- _RECORDS PROVIDED_

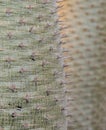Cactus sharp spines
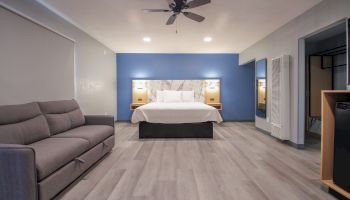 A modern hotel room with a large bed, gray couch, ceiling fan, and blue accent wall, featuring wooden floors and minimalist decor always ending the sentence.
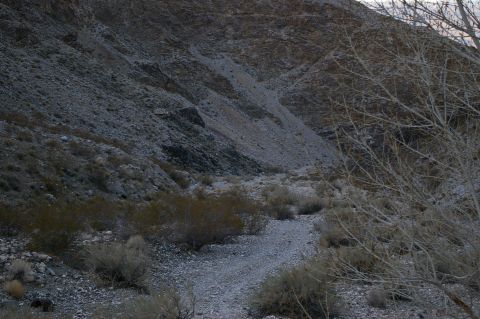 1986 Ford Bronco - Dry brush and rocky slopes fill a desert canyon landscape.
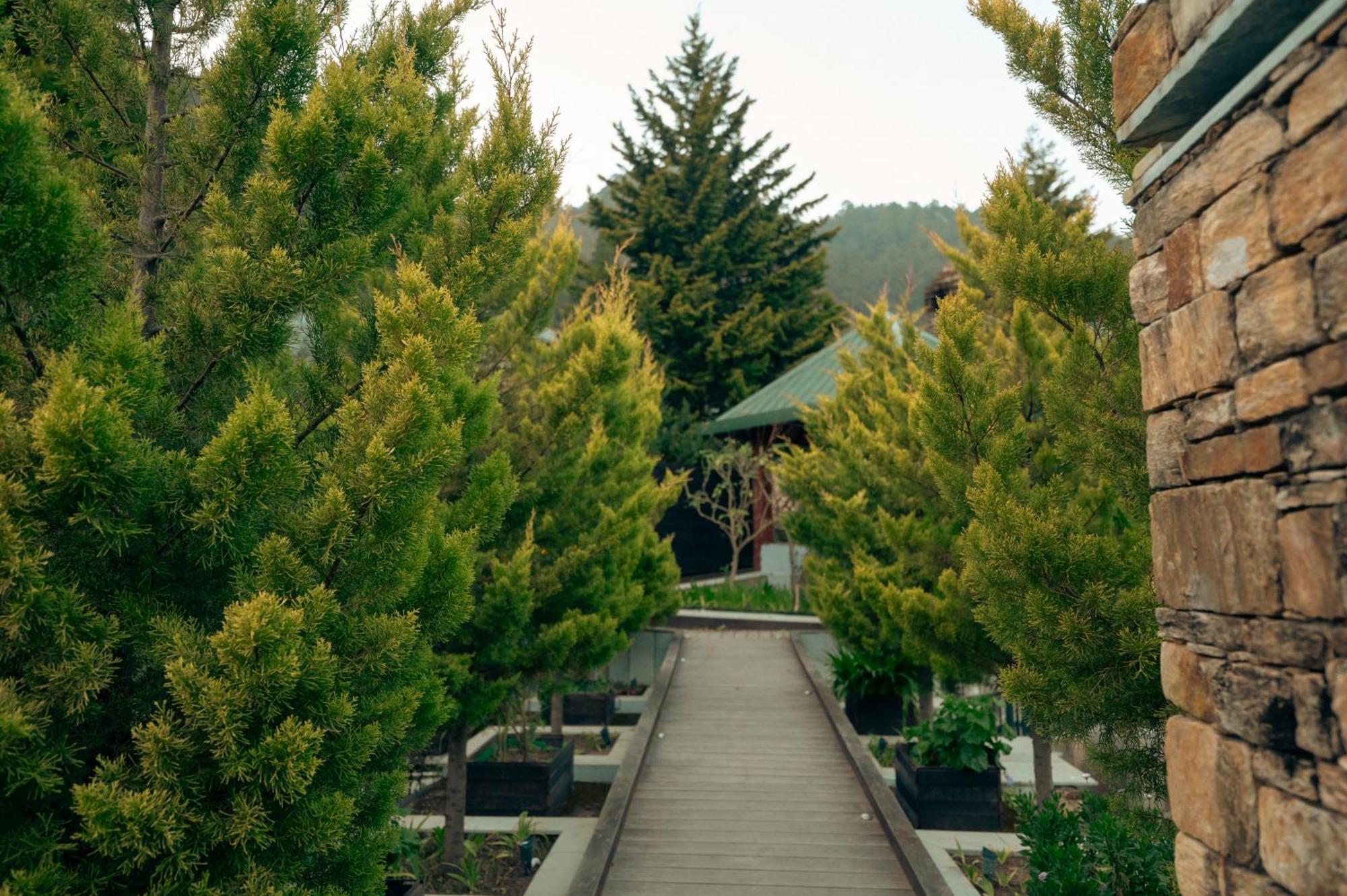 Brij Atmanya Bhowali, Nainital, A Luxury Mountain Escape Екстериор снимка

---

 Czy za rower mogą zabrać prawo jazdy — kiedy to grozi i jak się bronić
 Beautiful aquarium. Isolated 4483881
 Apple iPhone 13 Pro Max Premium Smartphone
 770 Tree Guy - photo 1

- _PROMPT_
Give again, exactly as written above, every line from the one holding "A modern hotel" to the one holding "Brij Atmanya Bhowali, Nainital, A", with both ends kept and the pictures left out.

- _SOLUTION FOR THIS TASK_
 A modern hotel room with a large bed, gray couch, ceiling fan, and blue accent wall, featuring wooden floors and minimalist decor always ending the sentence.
 1986 Ford Bronco - Dry brush and rocky slopes fill a desert canyon landscape.
 Brij Atmanya Bhowali, Nainital, A Luxury Mountain Escape Екстериор снимка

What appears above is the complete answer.